Proper caching in Drupal development can be easily missed. This can result in problems in a few ways:

  1. If caches don't clear often enough, the page will show outdated information.
  2. If caches clear too often, that's extra page load time and extra processing needed for the server every time.
  3. If cache contexts are not well defined, something that is correct for one context will get displayed in a different context.

Here are the big concepts as well as some examples.

Contexts

The first big concept is the idea of a context. Contexts define what situations should be considered unique for a cache. A context may be one thing, or a combination of several things, including:

Theme Context

If there's nothing variable about the template you wish to cache except which theme it is used in, you can use the context of theme. This would be highly efficient, since it almost never needs to regenerate from scratch, just when you manually clear all caches or you change the theme. In my setting, an example is custom footer blocks. It's the same content on every page. It only needs to change if there was a theme change or a new deployment (which always includes clearing all caches anyway).

That's the simplest possible version of a cache context.

User Context

The content of the section may change based on which user, if it is something like a block that shows the current user's event registration history. In that case, you will need to set the context by individual user. That means it is going to be a little slower for the first time each user loads it. After that, though, it will be much faster, so it still has some big benefit compared to not caching at all.

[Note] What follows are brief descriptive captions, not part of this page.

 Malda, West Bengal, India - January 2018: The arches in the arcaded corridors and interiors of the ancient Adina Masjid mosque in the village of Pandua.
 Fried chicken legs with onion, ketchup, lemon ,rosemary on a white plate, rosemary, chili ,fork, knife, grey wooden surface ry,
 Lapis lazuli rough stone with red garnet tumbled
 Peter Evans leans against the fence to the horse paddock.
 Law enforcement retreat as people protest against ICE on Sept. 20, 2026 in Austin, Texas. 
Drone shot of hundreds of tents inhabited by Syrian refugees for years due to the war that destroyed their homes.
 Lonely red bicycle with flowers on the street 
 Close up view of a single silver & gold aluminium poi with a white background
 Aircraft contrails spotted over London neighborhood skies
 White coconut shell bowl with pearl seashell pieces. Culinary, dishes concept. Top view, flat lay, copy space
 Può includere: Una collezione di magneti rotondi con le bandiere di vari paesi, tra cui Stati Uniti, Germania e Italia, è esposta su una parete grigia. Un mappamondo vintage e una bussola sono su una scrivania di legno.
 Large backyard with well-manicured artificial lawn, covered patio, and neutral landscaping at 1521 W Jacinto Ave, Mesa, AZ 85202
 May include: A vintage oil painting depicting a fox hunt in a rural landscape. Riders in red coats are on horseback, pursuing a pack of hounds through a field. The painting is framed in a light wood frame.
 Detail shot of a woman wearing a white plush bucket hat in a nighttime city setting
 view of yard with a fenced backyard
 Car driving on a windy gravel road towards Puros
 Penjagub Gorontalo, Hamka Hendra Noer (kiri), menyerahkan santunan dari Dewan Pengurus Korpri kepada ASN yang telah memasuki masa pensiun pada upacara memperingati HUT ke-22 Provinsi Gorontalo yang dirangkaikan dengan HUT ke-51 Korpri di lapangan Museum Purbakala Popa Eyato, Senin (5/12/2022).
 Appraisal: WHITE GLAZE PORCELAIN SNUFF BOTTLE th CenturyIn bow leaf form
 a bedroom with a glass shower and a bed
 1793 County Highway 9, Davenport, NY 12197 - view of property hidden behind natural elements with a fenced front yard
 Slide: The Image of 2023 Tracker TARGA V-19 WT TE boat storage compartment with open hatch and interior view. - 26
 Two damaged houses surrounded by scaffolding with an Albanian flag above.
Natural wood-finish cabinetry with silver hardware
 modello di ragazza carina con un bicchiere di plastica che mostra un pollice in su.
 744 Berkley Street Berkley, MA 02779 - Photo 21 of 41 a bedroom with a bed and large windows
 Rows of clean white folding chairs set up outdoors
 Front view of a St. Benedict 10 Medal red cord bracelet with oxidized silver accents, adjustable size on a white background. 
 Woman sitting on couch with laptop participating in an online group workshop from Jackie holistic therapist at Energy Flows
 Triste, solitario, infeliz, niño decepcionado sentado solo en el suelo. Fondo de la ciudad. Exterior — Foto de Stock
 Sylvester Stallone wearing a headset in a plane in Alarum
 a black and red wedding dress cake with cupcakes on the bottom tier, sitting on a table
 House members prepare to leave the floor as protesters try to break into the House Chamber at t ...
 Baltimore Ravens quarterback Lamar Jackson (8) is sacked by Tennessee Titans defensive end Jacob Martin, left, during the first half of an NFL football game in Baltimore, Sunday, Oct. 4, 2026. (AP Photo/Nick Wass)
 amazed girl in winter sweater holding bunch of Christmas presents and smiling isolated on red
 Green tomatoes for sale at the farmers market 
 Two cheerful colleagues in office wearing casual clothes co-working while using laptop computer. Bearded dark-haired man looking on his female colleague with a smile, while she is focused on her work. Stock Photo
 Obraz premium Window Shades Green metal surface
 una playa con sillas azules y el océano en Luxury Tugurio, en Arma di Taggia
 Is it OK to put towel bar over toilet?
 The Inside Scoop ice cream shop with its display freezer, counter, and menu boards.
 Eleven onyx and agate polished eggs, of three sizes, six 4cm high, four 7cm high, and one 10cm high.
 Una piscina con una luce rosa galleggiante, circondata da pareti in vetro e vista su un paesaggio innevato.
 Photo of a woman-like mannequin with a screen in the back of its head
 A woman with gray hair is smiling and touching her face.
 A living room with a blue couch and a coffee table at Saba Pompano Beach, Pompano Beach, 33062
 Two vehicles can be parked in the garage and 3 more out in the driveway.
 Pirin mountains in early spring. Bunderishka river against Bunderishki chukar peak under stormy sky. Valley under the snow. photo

The content may also change based on the role of the user. Perhaps admins have an extra link that others don't, so you need to separate that so for authenticated users it looks like one thing and for admin users it looks like another thing, but there's no difference per user. The cache context makes sure that the wrong one isn't displayed to a user of the wrong role. It is also more efficient than setting the context per user, since there are likely going to be a lot less roles than there are users at least on large sites.

Page Context

Perhaps the content changes based on which page it is tied to. This may be something like view results that change based on the exposed filters parameters, or a block showing in the sidebar that shows more information about the node you're viewing. With this cache context, you can declare that it doesn't need to rebuild for every user coming to that page, saving a lot of load time, but you also do need to make sure it is clear that on this page the block builds differently than on another page or else you're showing the wrong information.

Tags

The next big concept is tags. Tags can be used to define under what conditions the cache should be rebuilt.

There are many default tags that are provided by Drupal core or by other modules. For example, the default node_list tag is for any time there is a change in any nodes on the site. If you have a view that is showing all nodes on it, that is a great tag to clear anytime that you want the view to update.

Remember the trade-off in efficiency, though. If you have a site with a lot of nodes being edited regularly, that's going to clear the cache for that view a lot. For this example of a view showing all nodes, you won't get much better than that. Depending on the need, though, you might be able to get more precise: does it only need to rebuild caches on changes to certain content types, or to a specific node? If so, you can change the cache tags to something more precise that won't need to wipe out that cache more than necessary. The question is: what are the scenarios where the cache needs to clear, and how can you achieve that without too much unnecessary clearing as well?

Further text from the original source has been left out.